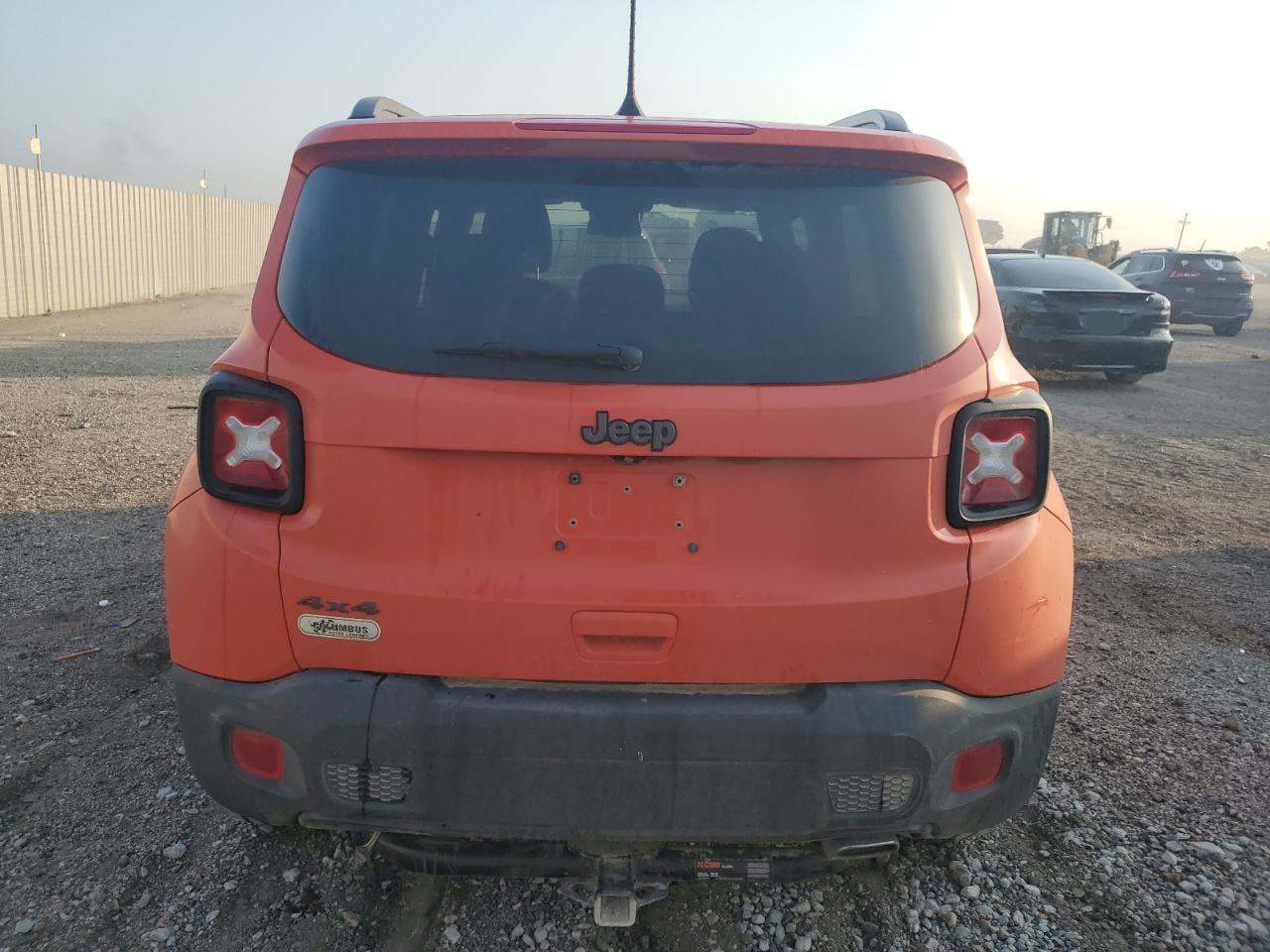 ZACNJDBB3MPN11918 2021 Jeep Renegade Latitude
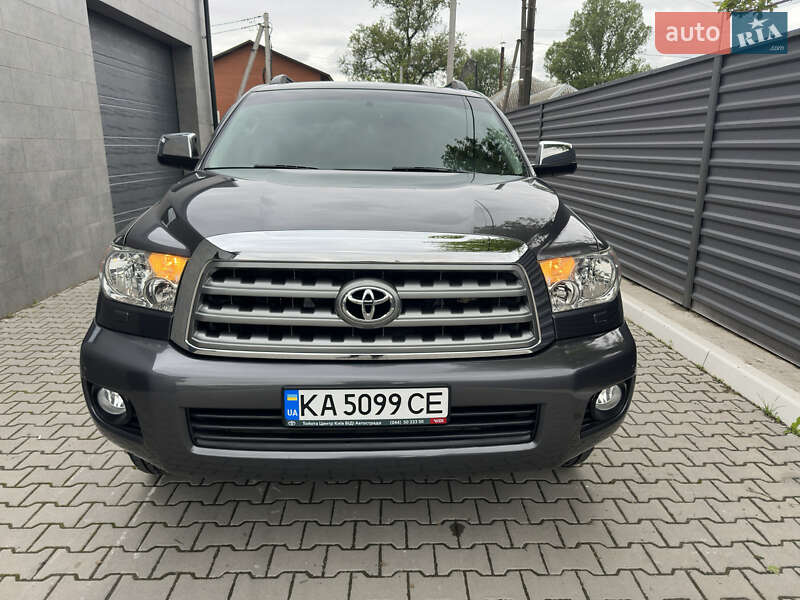 Toyota Sequoia (2015)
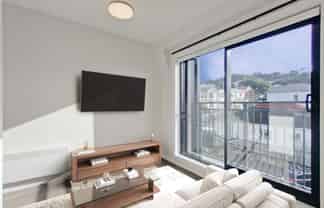 404/2 Colombo Street, Newtown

What needs to be done = Restate word for word the lines above that start at the line containing "Toyota Sequoia (2015)" and run to the end of the listing; exclude the pictures.

Answer to this task =
 Toyota Sequoia (2015)
 404/2 Colombo Street, Newtown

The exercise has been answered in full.